POST a multipart form to this endpoint, where the form field document contains the document that you want to upload to paperless. The filename is sanitized and then used to store the document in a temporary directory, and the consumer will be instructed to consume the document from there.

The endpoint supports the following optional form fields:

title: Specify a title that the consumer should use for the document.

created: Specify a DateTime document was created (e.g. “2016-04-19” or “2016-04-19 06:15:00+02:00”).

correspondent: Specify the ID of a correspondent that the consumer should use for the document.

document_type: Similar to correspondent.

tags: Similar to correspondent. Specify this multiple times to have multiple tags added to the document.

The endpoint will immediately return “OK” if the document consumption process was started successfully.
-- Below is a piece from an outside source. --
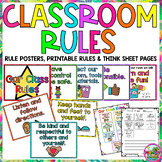 Primary Classroom Rule Posters Printable Rules for Home wi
No additional status information about the consumption process itself is available, since that happens in a different process

While I’ve been able to achieve what I needed with curl (see below), I’d like to achieve the same result with Lua.

curl -H "Authorization: Basic Y2hyaXM62tgbsgjunotmeY2hyaXNob3N0aW5n" -F "title=Companies House File 10" -F "correspondent=12" -F "document=@/mnt/nas/10.pdf" http://192.168.102.134:8777/api/documents/post_document/

On the Lua side, I’ve tried various ways to get this to work, but all have been unsuccessful, at best it just times out and returns nil.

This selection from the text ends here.